The winner of the award for the 2008-2009 season was Yale University, which last week completed the spring nationals where they won the Women’s Dinghy, were fourth in Team Racing, and were second in the Coed Dinghy.
The conditions were pretty snotty for the Women’s and Coed Dinghies, with the San Francisco site serving up its typical summer brew of big winds and current, and during the ebb tide, chunky waves too (see photos). To be successful, the combined points total by the A and B Division teams in each event would be vital, with each division sailing 14 races in the Women’s and 18 races in the Coed’s. Scuttlebutt checked in with Yale coach Zack Leonard following the event to get some insight:
What other venues compare with the Women’s and Coed courses?
Racing off the breakwater from St Francis Yacht Club was not too different from our home site at Yale and others like Kings Point, Charleston, and possibly Navy or Brown on the right day.
How much background did you do to understand the big currents?
I've sailed there before in I-14s, so I've seen what it can be like, plus we sail in Charleston a bunch where current is strong, so we didn't do too much scouting. The courses in college are so short that macro knowledge can sometimes mess you up. The factors affecting our course were so obvious that it really came down to execution.
What strengths did the course and conditions play to?
This was an event that was dominated by the bigger skippers, so for the smaller skippers like Coed B Division skipper Joe Morris, they had to sail really smart to keep up. The College Flying Junior in waves and breeze doesn't like the combination of small skipper-bigger crew as much as big skipper-smaller crew. That said, their speed was fine until it got really windy at the end, when they weren't quite big enough. We had a tremendously talented crew in B division who worked so hard, but they got a little out of their wind range at the end. St. Mary's really had a good combo for that wind in B division so you have to give them credit too.
Both events were close up to the end, with the Women’s finishing with two A division races and the Coed’s closing with two B division races. Can you describe how you and your team handled these final races?

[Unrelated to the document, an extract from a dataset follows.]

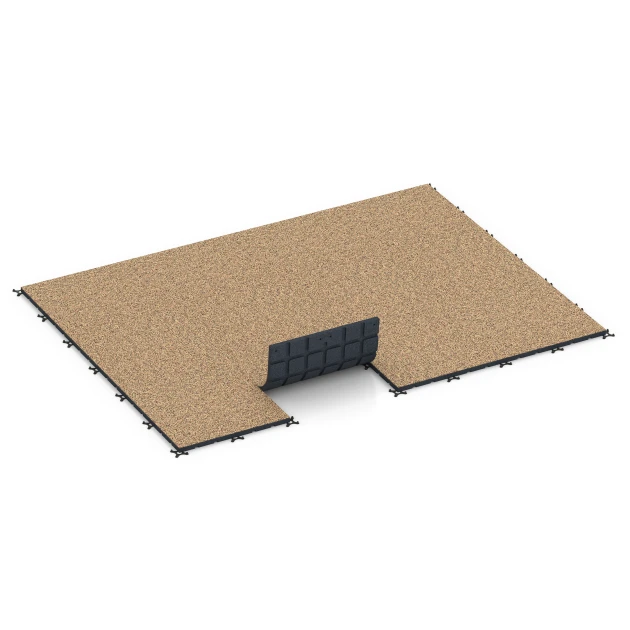 Typische Verlegung oder Einbausituation für den Artikel 7135 von WARCO - Suelo de gimnasio para exterior, Farbton Terracota in der Abmessung 60 x 60 x 3 cm | 0,36 m².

In the women's event we were enough points down that we needed to have a great race and count on a mistake from the other teams, which lucky for us happened so that one didn't require a lot of thinking. Then after we gained the small lead going into the last race, there were three teams very close so we just needed for Jane Macky to sail the best race possible and try to win, which she did (Note: Senior Jane Macky was honored as the Quantum Women's Sailor of the Year). For the Co-ed event, we needed to start so that we would be ahead the first time the two teams crossed. This didn't happen for a bunch of reasons, but really speed was the largest reason as it had gotten a bit too windy for Joe (Morris) and Mike (Hession).
Yale is a tough school to get into. How does that affect your recruiting?
The pool of sailors that are academically strong enough to get into Yale is small, but in a sport like sailing, there are a fair number of strong students which makes it easier than it might be in some other sports. The flip side is that Yale has so much to offer that once someone comes to visit the University and sees the tremendous opportunities that it can provide, they are usually really excited about it.
How does the team look for next season?
With skippers Jane Macky (A Division) and Kate Hagemann (B Division) graduated, we will have some new faces on the Women's team. We are lucky to still have Sarah Lihan coming back and we have some strong girls coming up so I think we will be competitive again. On the Coed side we will have the same skippers (Thomas Barrows and Joe Morrie) back next year but we will no longer have two of our best crews, Grace Becton and Adriane Levin, who will have graduated.